Cour d’appel administrative de Nantes, le 1 juillet 2025, n°24NT02913

Par un arrêt du 1er juillet 2025, la Cour administrative d’appel de Nantes a statué sur la légalité d’une mesure d’éloignement prise à l’encontre d’un ressortissant étranger. Le litige portait sur la conciliation entre la protection de l’ordre public et le respect de la vie privée et familiale garanti par les conventions internationales. L’intéressé, de nationalité marocaine, a subi une condamnation définitive à quatre années d’emprisonnement pour des faits de violence aggravée commis en état de récidive légale. L’autorité préfectorale a édicté à son encontre une obligation de quitter le territoire sans délai ainsi qu’une interdiction de retour d’une durée de trois ans. Saisi d’un recours en annulation, le Tribunal administratif de Nantes a rejeté la demande du requérant par un jugement intervenu le 11 juin 2024. La juridiction d’appel doit déterminer si la menace à l’ordre public justifie légalement l’atteinte portée au droit au respect de la vie privée et familiale. Le juge administratif rejette la requête en considérant que l’intérêt de la sécurité publique prime sur des liens familiaux pouvant être poursuivis à l’étranger.

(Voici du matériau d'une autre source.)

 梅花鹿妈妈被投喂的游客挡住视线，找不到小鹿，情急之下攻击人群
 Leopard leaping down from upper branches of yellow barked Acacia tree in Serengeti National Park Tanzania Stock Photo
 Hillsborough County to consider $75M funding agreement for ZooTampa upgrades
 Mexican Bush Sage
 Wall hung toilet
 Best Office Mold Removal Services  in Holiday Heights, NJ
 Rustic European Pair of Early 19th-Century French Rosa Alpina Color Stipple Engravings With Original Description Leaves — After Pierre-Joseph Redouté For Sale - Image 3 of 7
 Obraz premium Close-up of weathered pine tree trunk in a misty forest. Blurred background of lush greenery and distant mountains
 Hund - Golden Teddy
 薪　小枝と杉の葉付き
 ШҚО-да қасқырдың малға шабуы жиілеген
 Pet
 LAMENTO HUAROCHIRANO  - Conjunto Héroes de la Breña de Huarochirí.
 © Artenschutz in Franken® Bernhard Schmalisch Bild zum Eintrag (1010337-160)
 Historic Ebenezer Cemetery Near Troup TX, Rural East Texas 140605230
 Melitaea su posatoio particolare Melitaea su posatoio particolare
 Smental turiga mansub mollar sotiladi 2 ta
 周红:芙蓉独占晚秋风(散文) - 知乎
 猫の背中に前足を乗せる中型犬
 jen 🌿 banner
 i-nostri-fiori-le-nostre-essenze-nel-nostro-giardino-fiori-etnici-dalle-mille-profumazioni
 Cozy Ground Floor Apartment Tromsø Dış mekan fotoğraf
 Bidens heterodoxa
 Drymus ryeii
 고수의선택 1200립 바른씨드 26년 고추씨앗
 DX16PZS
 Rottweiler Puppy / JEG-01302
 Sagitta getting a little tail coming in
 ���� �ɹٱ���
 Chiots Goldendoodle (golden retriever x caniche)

I. La prééminence de l’ordre public sur l’intensité des attaches familiales

A. La caractérisation rigoureuse d’une menace persistante pour la sécurité publique

Pour valider l’obligation de quitter le territoire français, la Cour administrative d’appel de Nantes se fonde prioritairement sur la dangerosité du comportement du requérant étranger. Elle relève que l’intéressé a été définitivement condamné pour des faits de violence aggravée, soulignant que cette condamnation s’inscrit dans un contexte de récidive pénale avérée. Le juge administratif précise que le bulletin du casier judiciaire mentionne de multiples infractions commises entre 2015 et 2019, incluant des faits de violence et d’ivresse. Il est ainsi retenu que la « menace à l’ordre public que représente la présence de l’intéressé sur le territoire national » justifie légalement la mesure d’éloignement. Cette appréciation souveraine des faits permet aux magistrats de confirmer la nécessité de la décision administrative face à la gravité des troubles causés à la société.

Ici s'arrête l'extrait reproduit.